Data extracted from a collection:

__________________________________________________

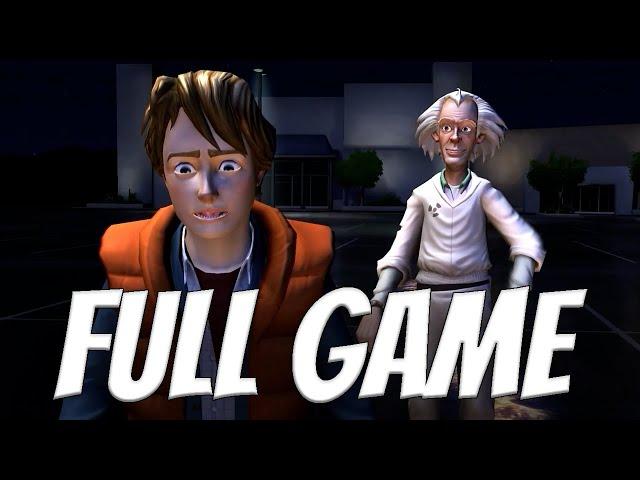 Back To The Future The Game Full Game Walkthrough 30th Anniversary Remastered Edition No Commentary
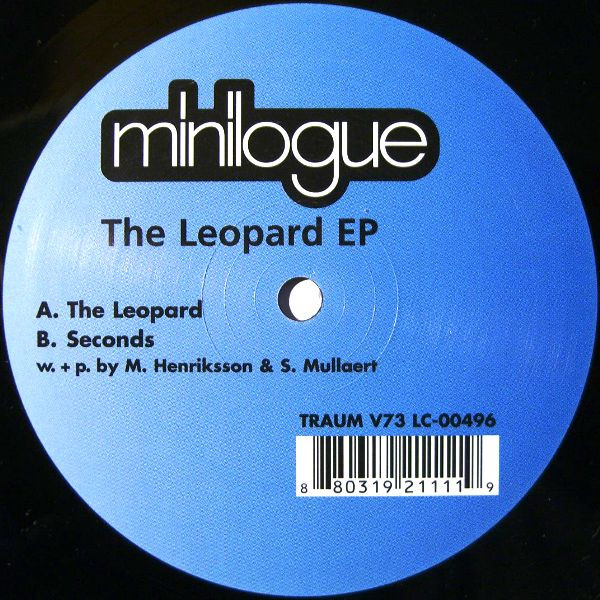 Minilogue - The Leopard EP | Traum Schallplatten (TRAUM V73) - 3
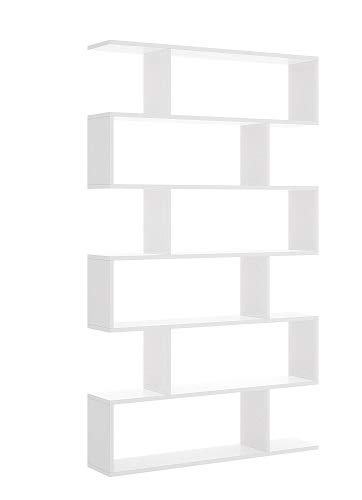 Mobelcenter - Estantería Alta Blanca con 6 Huecos - Librería Alta Blanca salón 6 Huecos - Estantería 190 cm de Alto x 25 cm de Fondo x 80 cm de Ancho (1020) Mobelcenter - Estantería Alta Blanca con 6 Huecos - Librería Alta Blanca salón 6 Huecos - Estantería 190 cm de Alto x 25 cm de Fondo x 80 cm de Ancho (1020)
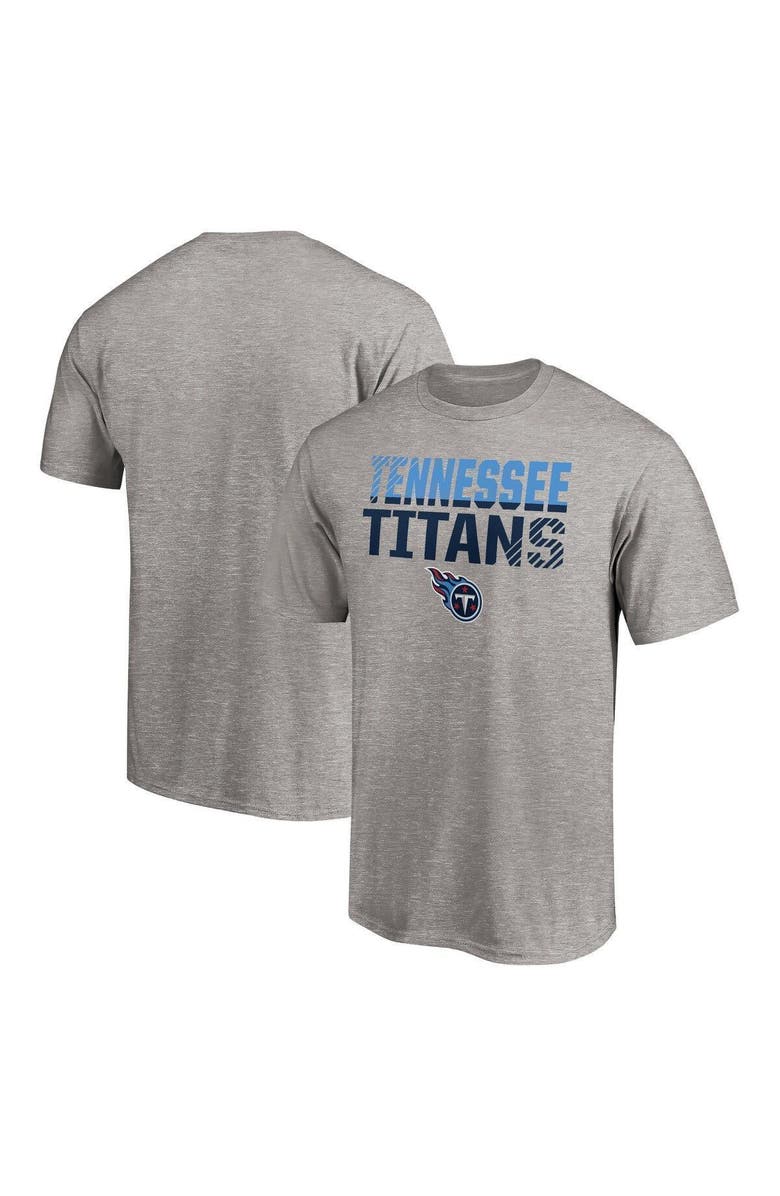 FANATICS Men's Fanatics Branded Heathered Gray Tennessee Titans Big & Tall Fade Out Team T-Shirt, Main, color, 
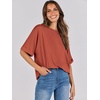 image:imageANRABESS Womens Tops Summer Short Sleeve Oversized T Shirts 2026Brick Red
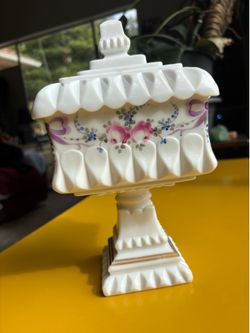 Westmoreland Milk Glass Wedding Cake Box.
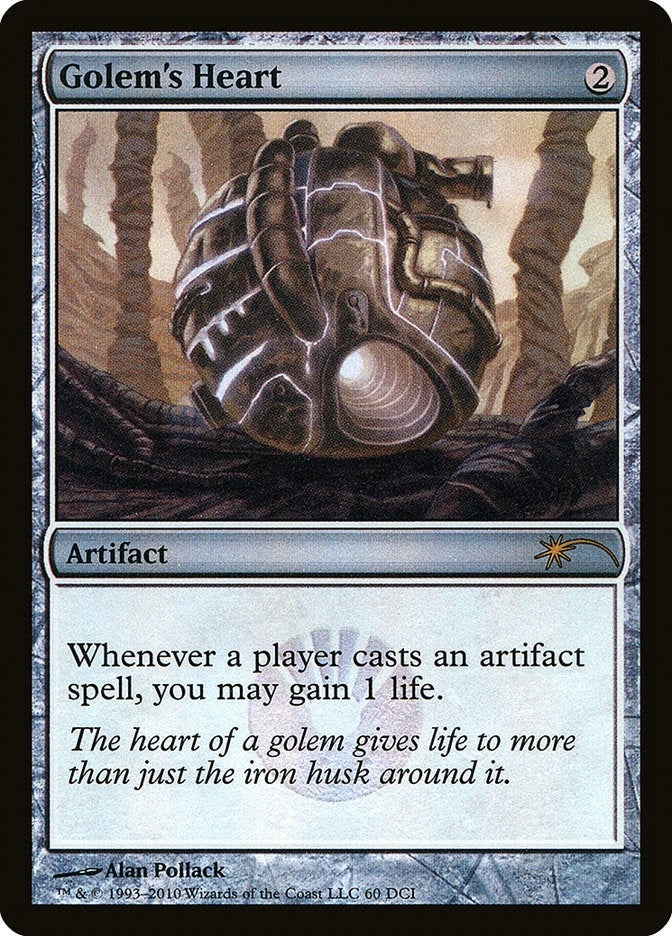 Image for Golem's Heart (60) (WPN) - Magic: The Gathering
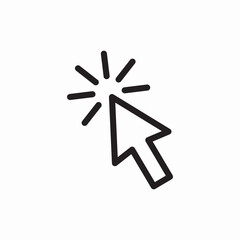 cursor click icon sign vector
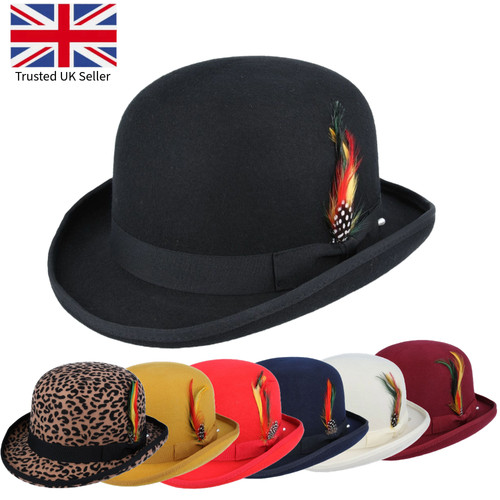 Classic bowler hat 100 wool - classic, 100%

__________________________________________________

Repeat exactly and only the lines from the one holding "Image for Golem's" through the final line of the entries; no pictures.

 Image for Golem's Heart (60) (WPN) - Magic: The Gathering
 cursor click icon sign vector
 Classic bowler hat 100 wool - classic, 100%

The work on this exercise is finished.